Here is a patience that finds its roots in grace. It does not minimise sin, but rather magnifies a loving God. I did not earn my salvation and I do not earn the right to continue in it.
Grace is a most humbling concept. Why should God save me? I don’t know, but I thank him every day that he did. Why should God use a sinner like me to spread his gospel? That is way beyond my understanding. Why does God put up with my spiritual wanderings and worldliness?
God has done all that is necessary in and through the Lord Jesus Christ to save sinners. The grace of God is the most thrilling concept that can occupy the mind of a Christian, and, when it occupies the mind, it will soon flood the heart with praise to God that such a thing exists.
Without God’s grace there is no hope for any of us. The only alternative is salvation by our own efforts. This is a non-starter, because God will not accept it. The New Testament makes that abundantly clear.
Delighting in Christ
If salvation is to be effective, it has to be acceptable to God. This is why ‘grace’ is the key word in the gospel, because it delights in the Lord Jesus Christ as the sacrifice for our sin, which God himself has provided.
If we do not understand the New Testament meaning of the word grace, we will never understand the gospel, because the key to understanding the substance and heart of its message is to realise that salvation is through Christ alone.
A few years ago I received an invitation to preach in California. As the time drew near for my departure, I grew somewhat concerned, because I had not received a ticket from the churches who had invited me to preach.
But they were soon on the phone telling me not to worry, because I did not need a ticket. This did not relieve my concern; rather, it deepened it. Of course I needed a ticket. Everyone knows you cannot fly without a ticket. What on earth were those folk in California on about?
They then started to explain to me something, at that time, completely new to me called electronic ticketing. Apparently, all I had to do was to present myself at the airlines desk at Heathrow Airport, tell them who I was, show them my passport, and they would then give me a ticket.

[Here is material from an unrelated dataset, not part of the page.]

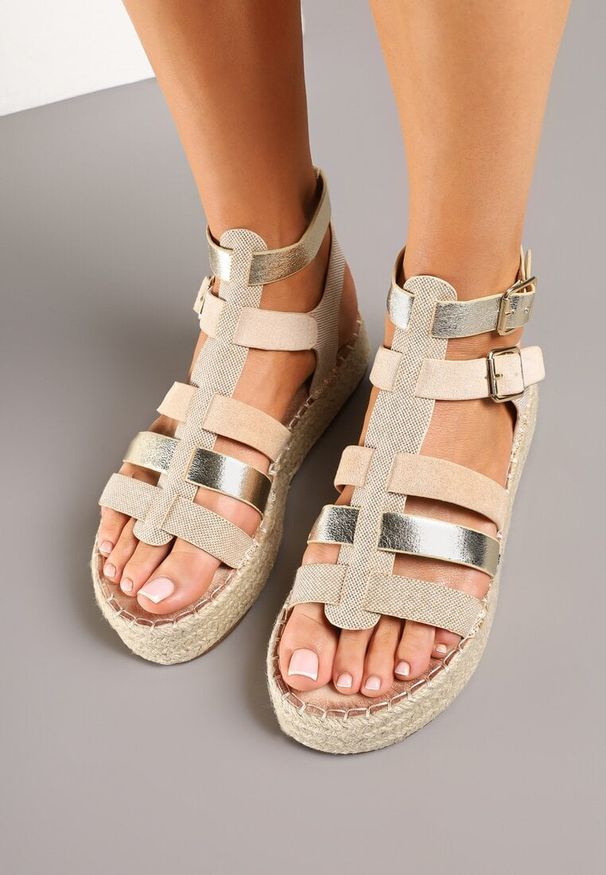 Born2be - Ciemnobeżowe Sandały Gladiatorki na Grubej Podeszwie z Plecionki Falerisa. Okazja: na co dzień. Nosek buta: otwarty. Kolor: beżowy. Styl: elegancki, casual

I had never heard of this before and I was rather dubious. I wanted the comfort of a ticket in my hand before I left home. They again had to reassure me that it would be all right. ‘It’s all been taken care of at this end’, they said.
‘All taken care of’
Of course, all my fears were unfounded. It had all been taken care of at the other end; the folk inviting me and the airline knew it, even if I was a bit uncertain.

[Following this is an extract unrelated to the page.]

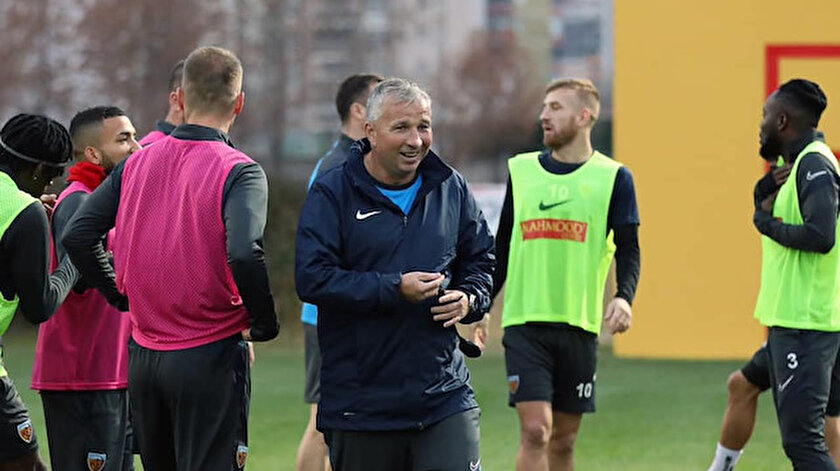 Kayserispor'un yeni hocası Dan Petrescu göreve başladı.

The grace of God is something like that — it has all been taken care of at the other end.
One day I will set out on the most important journey anyone can take — from this life to the next.
I will have to stand before God and he will say, ‘Who are you?’ I will answer by giving him my name. ‘O, yes’, God will reply, ‘you are one of those who my Son died for. He paid the debt for your sins. You are one of those Jesus loved and saved. Come on into heaven; you are welcome because of what Jesus has done for you!’

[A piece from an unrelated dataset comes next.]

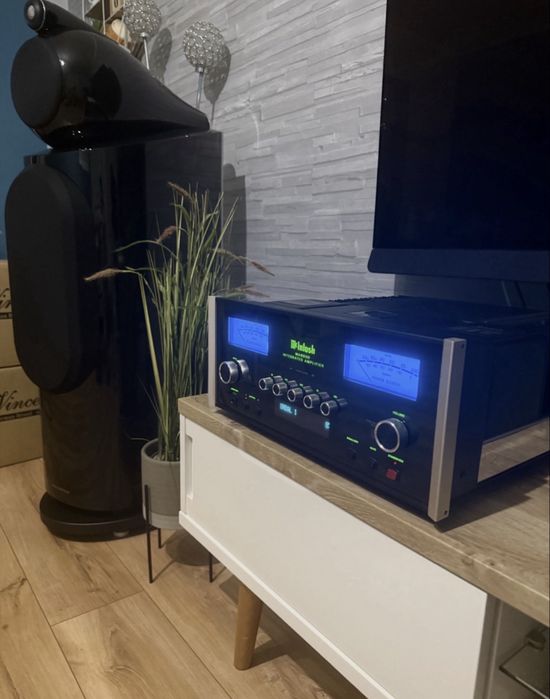 McIntosch MA8900 / Wzmacniacz Zintegrowany / Jak Nowy / OKAZJA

Salvation is all taken care of by Jesus the Saviour. This is a great comfort to a sinner like myself, always full of doubts and uncertainties.
Has Jesus taken care of your salvation? When God planned the salvation of sinners, he did it in such a way as to take into account our doubts and fears.
Electronic ticketing was new to me, and this was why I was uncertain, but it did mean that I could never lose my ticket. All I had to do was to turn up and it was waiting for me.
Salvation by grace means that we can never lose our salvation. Because it has all been taken care of at the other end and because Jesus has done it all, there is no possibility of us ever losing it.